The price of the hosting package you select will be influenced by the energy costs and rate of exchange in the location your server is housed in.
Energy costs in Canada are way lower than in the U.S.; however, if you go with a more expensive New York based server, you’ll be closer to major networks of communication–and that’s often better for your online content distribution. If the exchange rate happens to be better in the U.S. at the time, then that’s another factor to think about.
Server Location for SEO
Google and other search engines determine your server location when indexing your site for a certain regional market or language category.
Your server location is essentially a clue regarding your site’s intended audience and search engines will definitely pick up on that. That’s why it’s so important to consider hosting your site on a server (or in a data center) that’s within range of the demographics you’re trying to target. Proximity to your market should be considered by both you and your hosting provider.
If you have an international site, it’s best to have it hosted in a number of international locations. This way you’ll reach the full potential of your site’s target market.
Cloud Providers and Server Proximity
Cloud providers have servers many miles away from where you or your business operates, and it’s likely that these servers are also miles away from your customer base. Simple tasks like sending e-mails or updating social media might not be a big deal; however more involved data operations might go through at much slower speeds of performance.

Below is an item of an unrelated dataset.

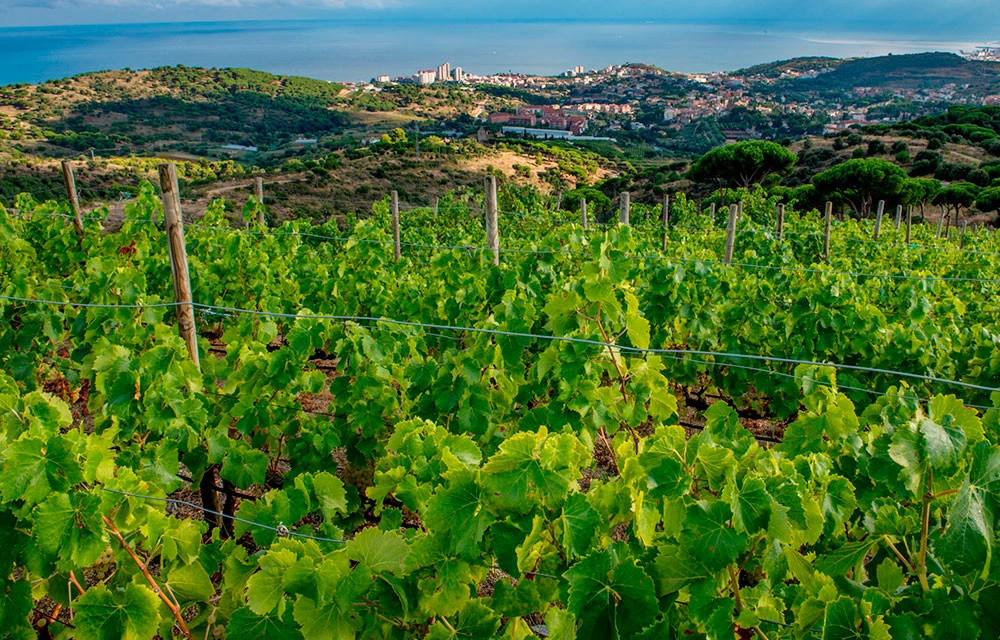 Denominación de Origen Vinos de Alella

Look for a cloud provider that has servers dispersed geographically which hold the same data. For example, if you have a wide target market, you’ll probably want one in New York as well as in London in order to reach a broad audience with very little site latency. If you can’t find a provider that offers such a service, you’re better off picking one that’s in close proximity to you.
Choosing a Good Provider
Lastly, integral to your site’s success is the caliber of hosting provider you decide to go with. Make sure to have a conversation with hosting companies about all of the locational factors mentioned above. That way, you can cross-check your potential provider for their knowledge of the industry as well as their servers’ proximity to your center of operations and target market.